Dataset entries
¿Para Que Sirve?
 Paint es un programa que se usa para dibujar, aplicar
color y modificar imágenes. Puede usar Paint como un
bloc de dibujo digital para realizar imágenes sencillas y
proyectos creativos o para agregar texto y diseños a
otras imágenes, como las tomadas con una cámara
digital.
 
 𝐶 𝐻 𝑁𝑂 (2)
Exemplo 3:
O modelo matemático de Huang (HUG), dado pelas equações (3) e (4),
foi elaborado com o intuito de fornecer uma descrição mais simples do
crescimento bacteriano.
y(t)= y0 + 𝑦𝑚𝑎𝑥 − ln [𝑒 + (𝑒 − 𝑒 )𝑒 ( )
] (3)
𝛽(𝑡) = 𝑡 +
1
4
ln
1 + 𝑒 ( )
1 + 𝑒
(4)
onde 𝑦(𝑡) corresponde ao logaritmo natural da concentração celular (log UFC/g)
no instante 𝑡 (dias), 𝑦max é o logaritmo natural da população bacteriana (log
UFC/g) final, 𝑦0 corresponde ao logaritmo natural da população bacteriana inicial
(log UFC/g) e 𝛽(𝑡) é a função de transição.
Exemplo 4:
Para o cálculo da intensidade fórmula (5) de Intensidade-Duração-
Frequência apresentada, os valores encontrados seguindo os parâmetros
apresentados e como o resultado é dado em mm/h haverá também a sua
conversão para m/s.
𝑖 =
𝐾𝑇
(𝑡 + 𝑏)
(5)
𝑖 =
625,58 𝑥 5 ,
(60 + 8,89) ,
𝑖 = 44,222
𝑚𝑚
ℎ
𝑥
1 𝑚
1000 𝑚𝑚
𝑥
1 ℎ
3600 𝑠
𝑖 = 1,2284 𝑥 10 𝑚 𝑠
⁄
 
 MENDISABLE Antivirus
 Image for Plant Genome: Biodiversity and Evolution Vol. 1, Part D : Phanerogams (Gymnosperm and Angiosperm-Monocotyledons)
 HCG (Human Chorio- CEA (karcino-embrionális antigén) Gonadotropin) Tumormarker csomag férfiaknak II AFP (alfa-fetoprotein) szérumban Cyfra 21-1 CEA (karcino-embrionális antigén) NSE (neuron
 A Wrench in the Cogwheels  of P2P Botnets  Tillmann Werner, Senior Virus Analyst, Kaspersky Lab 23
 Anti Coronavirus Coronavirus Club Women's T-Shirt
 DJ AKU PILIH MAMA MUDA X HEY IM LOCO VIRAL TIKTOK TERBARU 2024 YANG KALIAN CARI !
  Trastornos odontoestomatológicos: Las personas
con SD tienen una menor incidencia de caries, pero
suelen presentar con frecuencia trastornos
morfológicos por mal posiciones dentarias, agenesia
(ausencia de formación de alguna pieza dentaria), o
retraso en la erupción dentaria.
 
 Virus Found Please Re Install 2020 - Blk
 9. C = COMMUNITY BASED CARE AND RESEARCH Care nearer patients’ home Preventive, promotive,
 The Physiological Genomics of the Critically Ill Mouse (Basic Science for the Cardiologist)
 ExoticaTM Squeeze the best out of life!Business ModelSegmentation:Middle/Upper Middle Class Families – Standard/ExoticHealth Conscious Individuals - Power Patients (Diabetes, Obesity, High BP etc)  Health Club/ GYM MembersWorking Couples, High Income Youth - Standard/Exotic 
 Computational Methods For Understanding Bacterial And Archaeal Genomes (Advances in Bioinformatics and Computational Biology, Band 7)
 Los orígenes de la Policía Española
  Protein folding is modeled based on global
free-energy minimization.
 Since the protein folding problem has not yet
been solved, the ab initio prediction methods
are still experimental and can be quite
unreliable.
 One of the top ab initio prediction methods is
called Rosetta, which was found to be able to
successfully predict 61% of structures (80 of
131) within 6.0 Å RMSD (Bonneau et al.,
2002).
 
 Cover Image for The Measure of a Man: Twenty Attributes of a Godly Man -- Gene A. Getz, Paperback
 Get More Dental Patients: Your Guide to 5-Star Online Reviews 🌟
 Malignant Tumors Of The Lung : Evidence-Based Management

Task goal —
Each line from the one that holds "called Rosetta, which was found to be able to" to the end of the records above should be transcribed exactly, both ends included.

Output of the task —
called Rosetta, which was found to be able to
successfully predict 61% of structures (80 of
131) within 6.0 Å RMSD (Bonneau et al.,
2002).
 
 Cover Image for The Measure of a Man: Twenty Attributes of a Godly Man -- Gene A. Getz, Paperback
 Get More Dental Patients: Your Guide to 5-Star Online Reviews 🌟
 Malignant Tumors Of The Lung : Evidence-Based Management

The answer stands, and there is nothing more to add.